THE INPUT

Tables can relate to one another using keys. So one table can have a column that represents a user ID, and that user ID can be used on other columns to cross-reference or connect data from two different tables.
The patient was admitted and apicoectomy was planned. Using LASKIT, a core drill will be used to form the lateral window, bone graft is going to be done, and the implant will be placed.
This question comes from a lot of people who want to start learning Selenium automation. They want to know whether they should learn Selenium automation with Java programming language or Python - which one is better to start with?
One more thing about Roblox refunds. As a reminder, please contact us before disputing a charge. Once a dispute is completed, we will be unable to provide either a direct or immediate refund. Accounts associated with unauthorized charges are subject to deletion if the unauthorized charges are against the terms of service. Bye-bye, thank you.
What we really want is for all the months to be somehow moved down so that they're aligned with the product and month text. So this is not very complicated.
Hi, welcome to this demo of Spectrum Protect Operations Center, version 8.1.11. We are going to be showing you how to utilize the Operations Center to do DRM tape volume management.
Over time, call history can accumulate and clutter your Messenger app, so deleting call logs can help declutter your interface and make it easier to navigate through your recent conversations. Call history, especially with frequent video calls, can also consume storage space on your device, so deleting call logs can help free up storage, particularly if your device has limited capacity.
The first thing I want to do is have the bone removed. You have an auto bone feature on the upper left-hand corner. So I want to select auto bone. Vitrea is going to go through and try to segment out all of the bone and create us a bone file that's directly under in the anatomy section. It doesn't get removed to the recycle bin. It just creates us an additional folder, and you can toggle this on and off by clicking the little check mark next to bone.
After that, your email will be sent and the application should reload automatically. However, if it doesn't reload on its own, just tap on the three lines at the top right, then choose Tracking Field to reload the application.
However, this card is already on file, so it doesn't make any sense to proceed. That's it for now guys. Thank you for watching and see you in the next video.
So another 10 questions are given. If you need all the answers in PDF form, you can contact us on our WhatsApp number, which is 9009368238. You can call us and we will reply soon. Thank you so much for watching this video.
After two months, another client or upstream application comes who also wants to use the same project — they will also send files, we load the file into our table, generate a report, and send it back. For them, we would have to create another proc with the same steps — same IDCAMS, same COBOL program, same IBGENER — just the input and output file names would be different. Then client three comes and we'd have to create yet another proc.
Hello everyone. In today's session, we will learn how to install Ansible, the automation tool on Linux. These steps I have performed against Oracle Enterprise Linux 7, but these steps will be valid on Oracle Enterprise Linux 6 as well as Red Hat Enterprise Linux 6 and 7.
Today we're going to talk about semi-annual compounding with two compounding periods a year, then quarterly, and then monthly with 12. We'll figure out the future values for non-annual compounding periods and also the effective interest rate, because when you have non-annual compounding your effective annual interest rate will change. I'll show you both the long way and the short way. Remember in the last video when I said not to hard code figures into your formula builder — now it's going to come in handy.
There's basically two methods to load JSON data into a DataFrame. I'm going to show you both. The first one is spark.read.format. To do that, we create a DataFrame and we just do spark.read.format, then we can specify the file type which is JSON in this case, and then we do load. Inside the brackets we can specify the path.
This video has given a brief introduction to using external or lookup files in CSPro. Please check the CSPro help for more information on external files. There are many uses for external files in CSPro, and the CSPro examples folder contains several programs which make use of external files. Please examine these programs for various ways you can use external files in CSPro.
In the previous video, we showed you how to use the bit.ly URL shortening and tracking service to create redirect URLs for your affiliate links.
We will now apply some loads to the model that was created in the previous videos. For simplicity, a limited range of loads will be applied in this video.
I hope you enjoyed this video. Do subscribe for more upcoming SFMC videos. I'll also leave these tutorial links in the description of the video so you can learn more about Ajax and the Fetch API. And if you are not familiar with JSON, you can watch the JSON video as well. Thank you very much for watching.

WHAT IS NEEDED
For the word "your", please say how many lines in the entries hold it, with only the number as the reply.

TASK RESULT
4